→ EXERCISE DESCRIPTION:
Restate the records below exactly. Pictures are not part of the copy.

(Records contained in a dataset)
========================

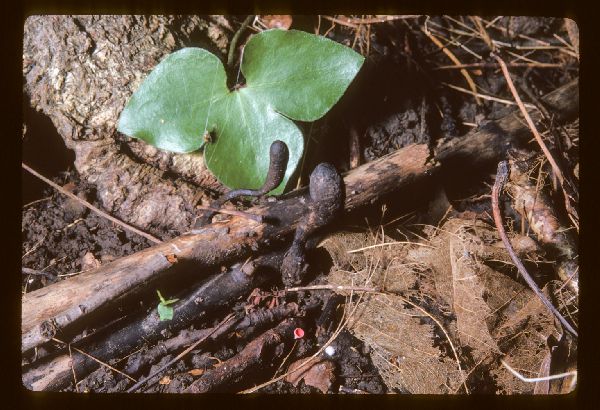 Xylaria polymorpha image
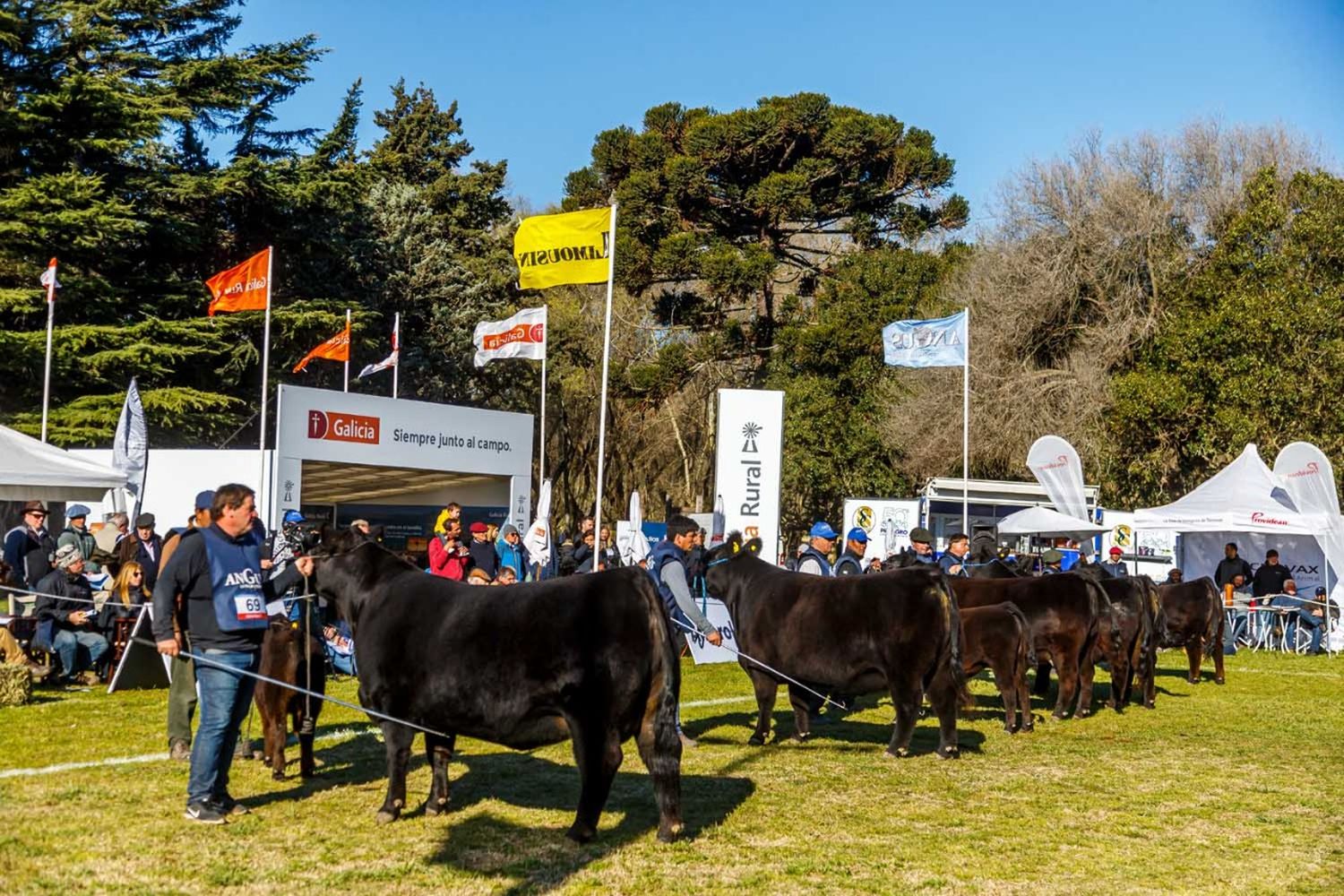 La Exposición Nacional Angus de Primavera se realizará en octubre en Tandil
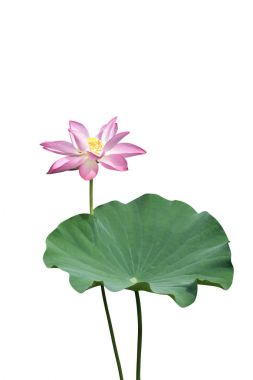pembe lotus çiçek çiçeklenme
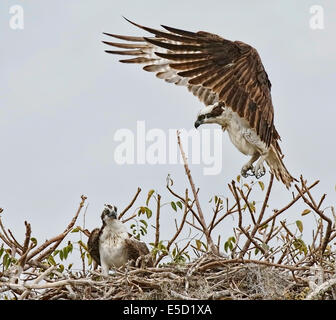Falco pescatore (Pandion haliaetus) in atterraggio a nido con mate sul nido Foto Stock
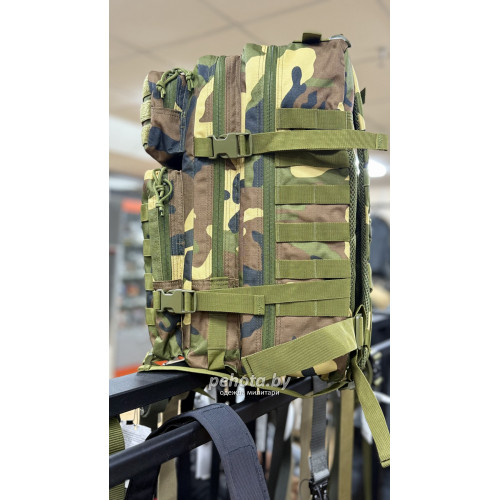 Рюкзак Тактический BL090С Woodland 45L | Lupu Gear фото 4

========================

→ RESULT:
 Xylaria polymorpha image
 La Exposición Nacional Angus de Primavera se realizará en octubre en Tandil
pembe lotus çiçek çiçeklenme
Falco pescatore (Pandion haliaetus) in atterraggio a nido con mate sul nido Foto Stock
 Рюкзак Тактический BL090С Woodland 45L | Lupu Gear фото 4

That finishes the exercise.